L’analyse phylogénétique de Loewen et ses collègues classe Lokiceratops comme un centrosauriné, dans un clade avec Medusaceratops et Albertaceratops. Ils baptisent ce clade Albertaceratopsini. Albertaceratopsini est une tribu de centrosaurinés plus dérivés que Nasutoceratopsini, formant le clade soeur de (Wendiceratops + Sinoceratops) + Eucentrosaura. Loewen et ses collègues notent que les Albertaceratopsini sont endémiques du nord de Laramidia.

Lokiceratops se distingue principalement par son ornementation crânienne composée de deux cornes postorbitales et d’une collerette avec de nombreux épipariétaux et épisquamosaux. Lokiceratops se distingue d’Albertaceratops par l’absence de corne nasale. Les épipariétaux les plus grands de Lokiceratops sont les épipariétaux 2, comme chez Medusaceratops, et ont une forme recourbée extérieurement. Les épipariétaux 1 forment une pointe vers le haut tandis que les autres épipariétaux et épisquamosaux sont plus petits.

La collerette osseuse de Lokiceratops est également asymétrique, comme chez de nombreux autres cératopsiens, mais aussi chez les bois des rennes actuels.
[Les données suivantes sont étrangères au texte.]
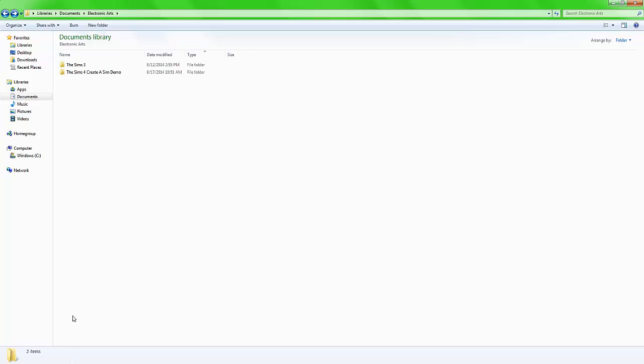Hi guys! There's been a lot of questions regarding how do you add custom content into your Sims 4 Create a Sim Demo. Well, this is a video that will answer your question.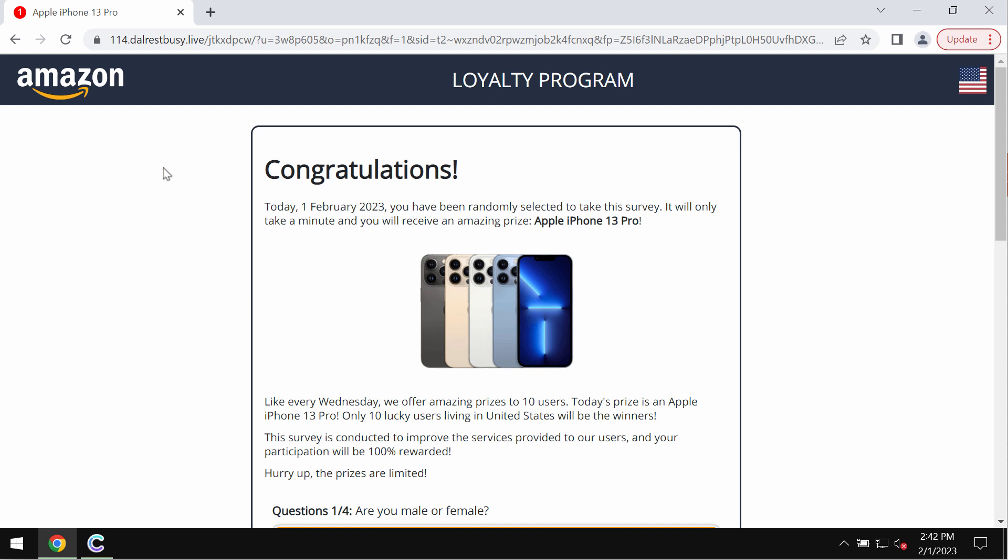The website displays fake security alerts and fake survey alerts. The real purpose of these fake survey alerts is to make users participate in a fake survey in order to force them into sharing their personal details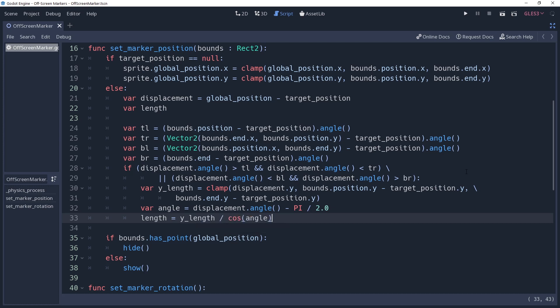Something we should consider though is that if the marker is perfectly aligned with the target position on our x axis, then the cosine of angle will be zero and this will create a black hole. However, if this is true, then we know that the y-length is the same as the length from a to c. Therefore, we can just set our length property to y-length using a ternary operator.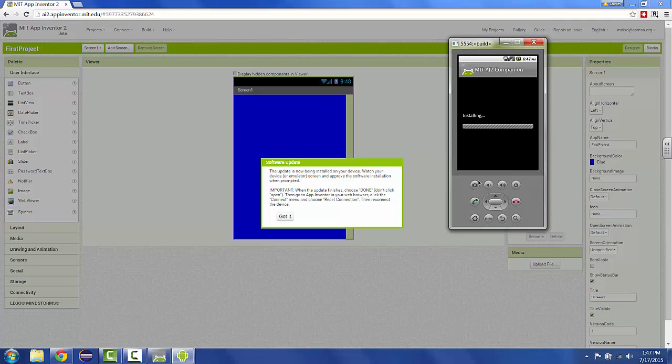It's tempting to pick open, but you have to choose done because it says here. All right. So now you choose done.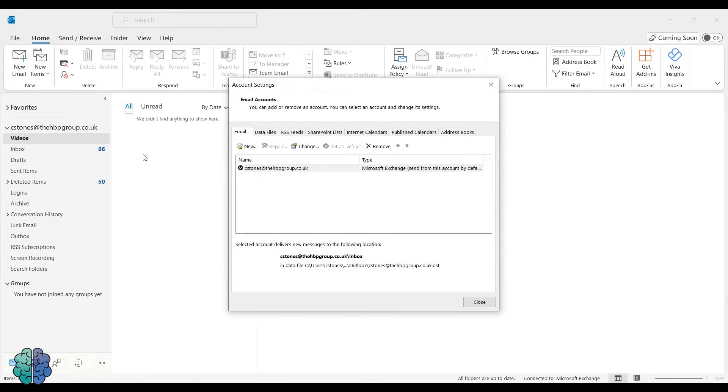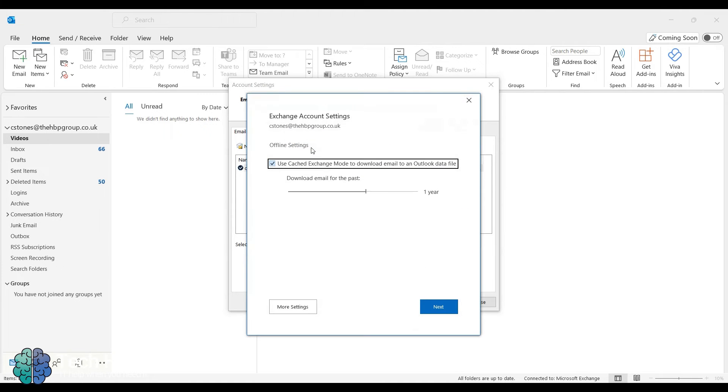You'll see this new window pop up. Click Change. Untick the box and then click Next.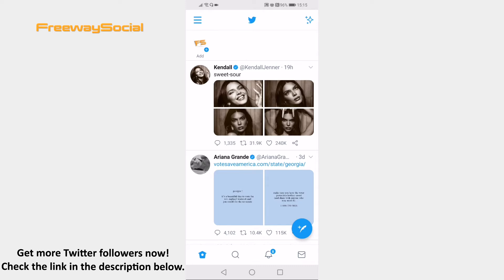Open up Twitter app on your mobile and make sure to login to your Twitter account. Tap on the three lines icon at the top left corner of your screen.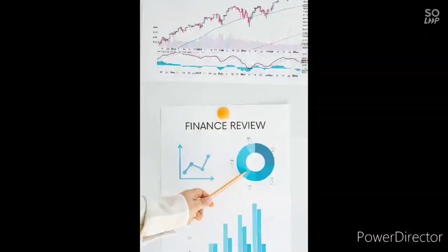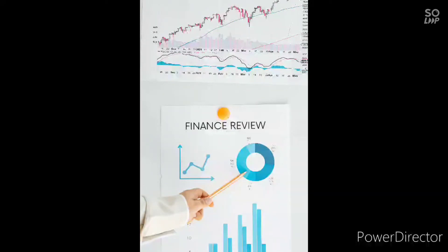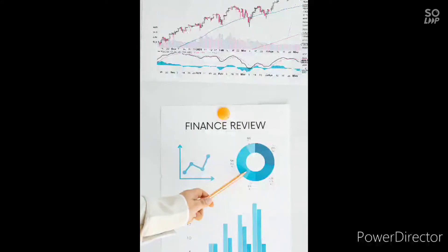The functions of money market are described below. Number one: collection of capital. Money market helps to form capital by selling shares, debentures, and other securities. Number two: helping commercial banks. Commercial banks can turn their debentures and securities into cash because of having the money market.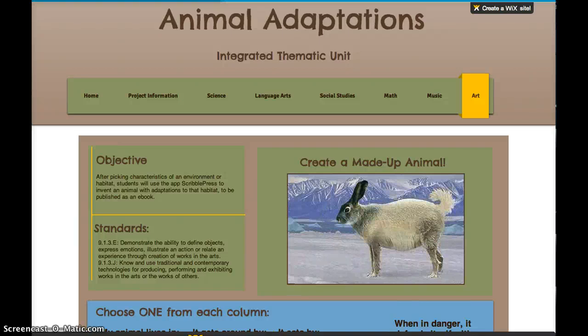We've made it to the last lesson in our Animal Adaptations Unit. This is the one that's going to show me all the things that you know about animal adaptations. This is an art lesson and I think it's going to be a lot of fun.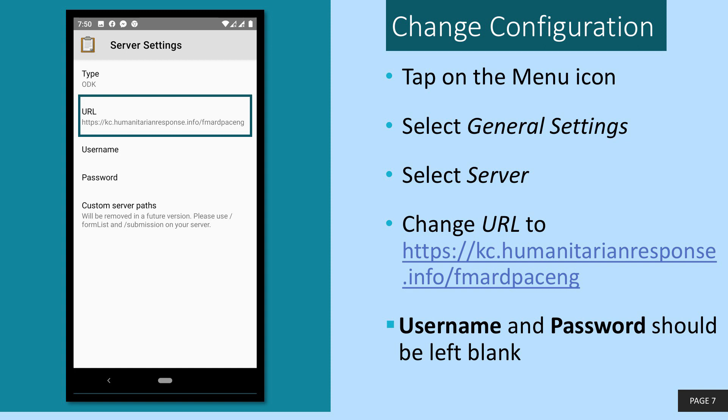If you have done this correctly, you should have a screen that looks like what I'm displaying now. Fill the information as shown on the screen after which you should save or go back depending on your device.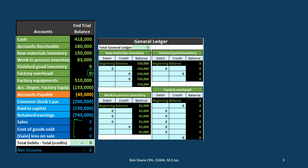Now we have the general ledger account. Every account has a GL account listed by date. We won't list every account here — we will focus in on the accounts related to inventory: raw materials going into work in process, factory overhead — the stuff that will go into work in process once we allocate it — and finished goods. Those are the asset accounts related to inventory that we're going to focus in on.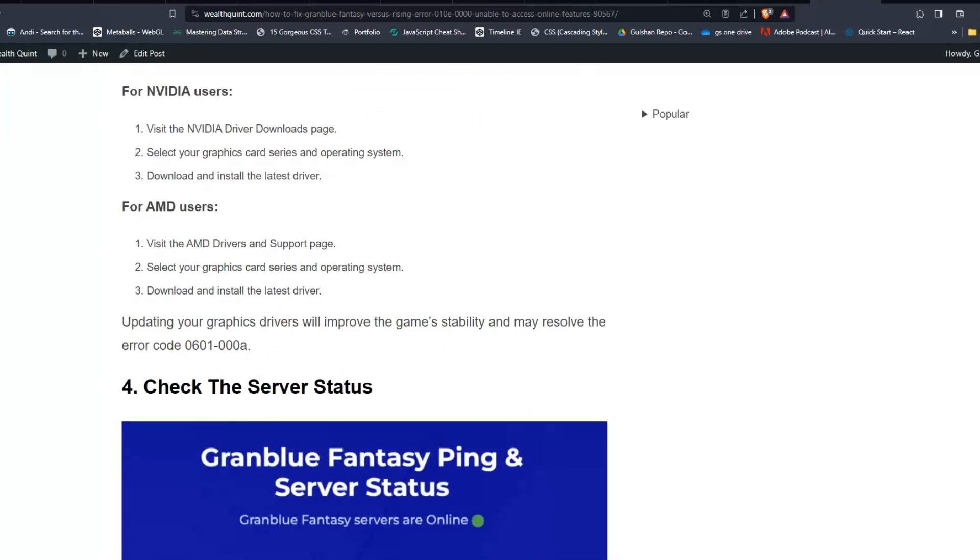For NVIDIA users, visit the NVIDIA Driver Download page, select your graphics card series and operating system, then download and install the latest driver. For AMD users, visit the AMD Drivers and Support page, select your graphics card series and operating system, and download and install the latest driver.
Loewen et ses collègues ne peuvent déterminer si cette asymétrie est caractéristique, sujette à une variation intraspécifique ou ontogénique, ou encore si elle est liée à une anomalie de développement.

Comme chez les autres cératopsiens, les ornements crâniens de Lokiceratops ont probablement joué un rôle dans la communication intraspécifique, notamment pour la sélection sexuelle. Loewen et ses collègues avancent que la sélection sexuelle a pu être l’une des raisons majeures de la très grande diversité de centrosaurinés en Amérique du Nord en seulement quelques millions d’années. Elle a pu se combiner à une partition de niche écologique ainsi qu’à des variations du climat et des environnements.
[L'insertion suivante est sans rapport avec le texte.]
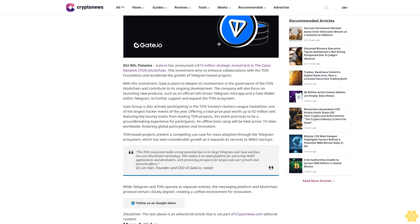Dr. Lin Han, founder and CEO of Gate.io, noted: 'While Telegram and TON operate as separate entities, the messaging platform and blockchain protocol remain closely aligned, creating a unified environment for innovation.' Follow us on Google News. Disclaimer: The text above is an advertorial article.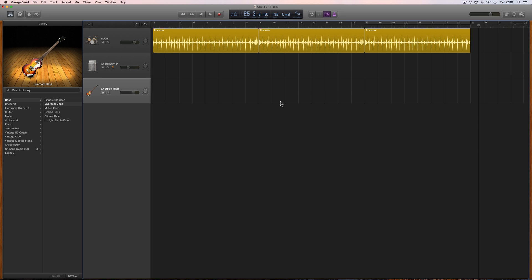Someone asked how do you make a song ending in GarageBand that's not a fade out. I've already done a tutorial showing how to do a fade out, but how do you do a song ending where the band just stops? There are two ways to do it: a straight stop, or a gradual slowdown at the end.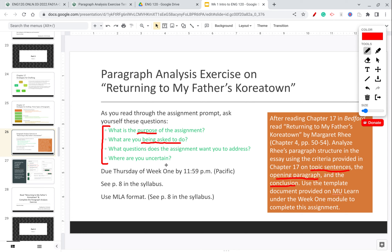You should also ask: what specific questions does this assignment want you to address? There are a few in the document, which I'll point out in a moment. And lastly, identify where you are uncertain — is there any part of this assignment that you don't know how to do? That's where you should reach out and contact me, and I'll help you.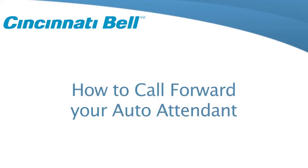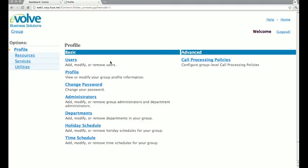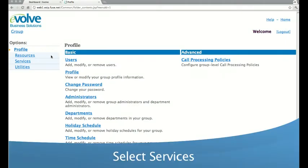Today's quick tip is how to set up a call forward on your auto attendant. First, under the options menu, select services.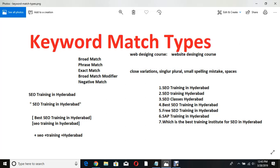To recap: broad match — if a single word matches the customer's query, the ad will appear. This can ruin your budget, so avoid it. Phrase match — use inverted commas. The customer must not break the pattern but can add words before or after. Some problems remain. Exact match — the customer must type exactly the same thing. The best approach is phrase match combined with negative match types.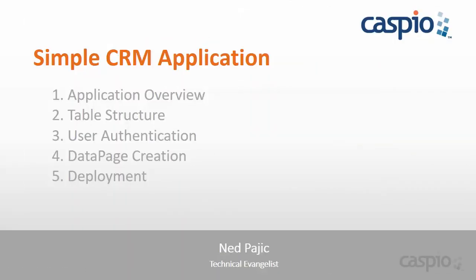Welcome back, my name is Ned, and in this video series we will learn how to build a simple CRM application using the Caspio platform. In part two of this video series, I will teach you how quickly and easily you can develop database tables and create a relationship between them. Let's take a look.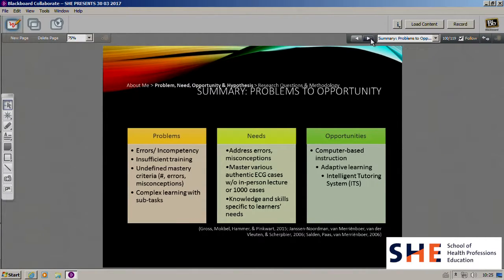To improve ECG interpretation skills and knowledge, we need to address errors and misconceptions. We also need to enable learners to practice various authentic ECG cases by providing them with the knowledge and skills they need to improve. They cannot really go through 1,000 ECG slides, and even if they did, maybe half of those would be already known ECG problems. We also cannot really add more hours to a medical curriculum that is already heavy.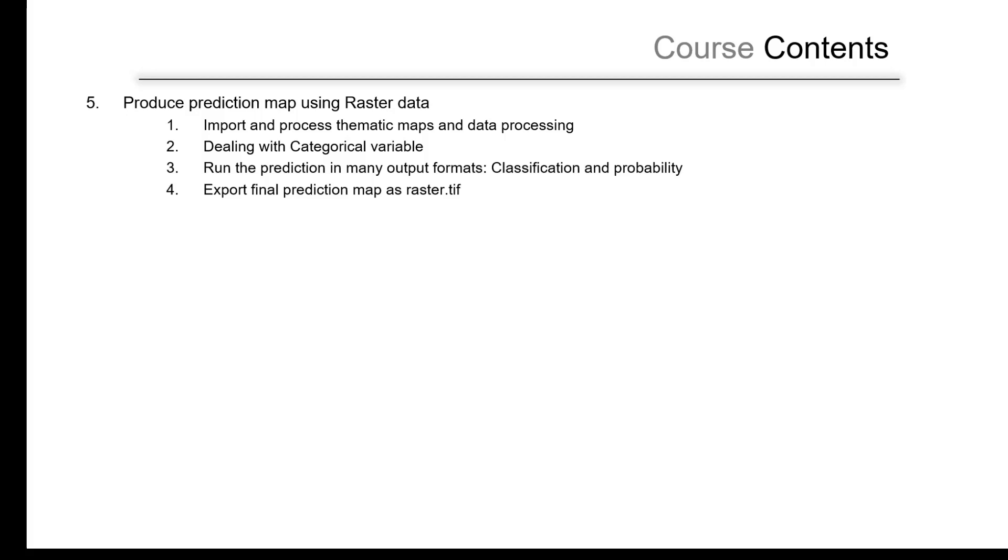We will export it in TIFF format so you can visualize it and take it to QGIS or ArcGIS to plot your final prediction map. We will have the expectation to have the classification-based map with probability from zero to one for the landslides and for the ambient air pollution for the PM10.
Lokiceratops était un grand centrosauriné qui mesurait 6 mètres de longueur, avec un crâne mesurant à lui seul 2 mètres. Il vivait dans un environnement de plaines inondables, en compagnie de tortues, de choristodères, de crocodylomorphes, de squamates, de nombreux autres cératopsiens, du pachycephalosaure Stegoceras, des hadrosauridés Probrachylophosaurus, Brachylophosaurus et Corythosaurus, des ankylosaures Zuul et Edmontonia, de troodontidés, des tyrannosauridés Daspletosaurus et Gorgosaurus, des dromaeosauridés Saurornitholestes et Dromaeosaurus et d’oiseaux.
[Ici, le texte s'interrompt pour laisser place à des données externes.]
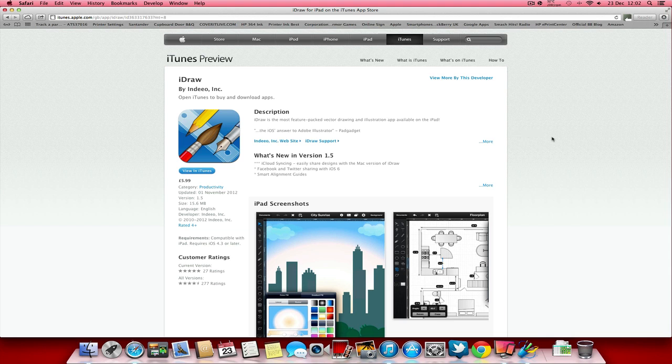Okay, so you can see that the iPad app, it's only available for iPad by the way, and it's $5.99, which is a very good price, that's in great British pounds.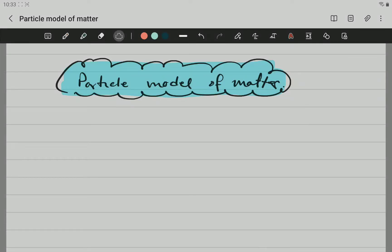Hello, Grade 8, Mr. G here. As requested, we are going to be making some videos related to the particle model of matter. This topic is quite important because you are going to do it in Grade 10, you are going to do it in Grade 11, and you need it for Grade 12. You are not going to do it in Grade 12, but you do need to know it for that grade. So, it is an important topic.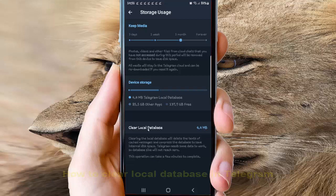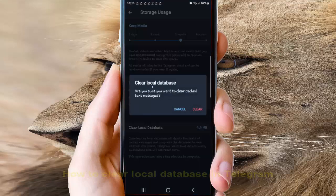Tap Clear Local Database if you want to clear. Clear Local Database.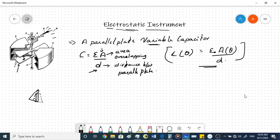If you connect a voltage V across the two plates — one positive and one negative — the plates become oppositely charged and attract each other. As they get attracted, they overlap more, and the capacitance increases as the voltage increases. That is the basic principle by which this instrument works.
Référence : Loewen, M.A.; Sertich, J.J.W.; Sampson, S.; O’Connor, J.K.; Carpenter, S.; Sisson, B.; Øhlenschlæger, A.; Farke, A.A.; Makovicky, P.J.; Longrich, N.; Evans, D.C., 2024, Lokiceratops rangiformis gen. et sp. nov. (Ceratopsidae: Centrosaurinae) from the Campanian Judith River Formation of Montana reveals rapid regional radiations and extreme endemism within centrosaurine dinosaurs. PeerJ. 12: e17224.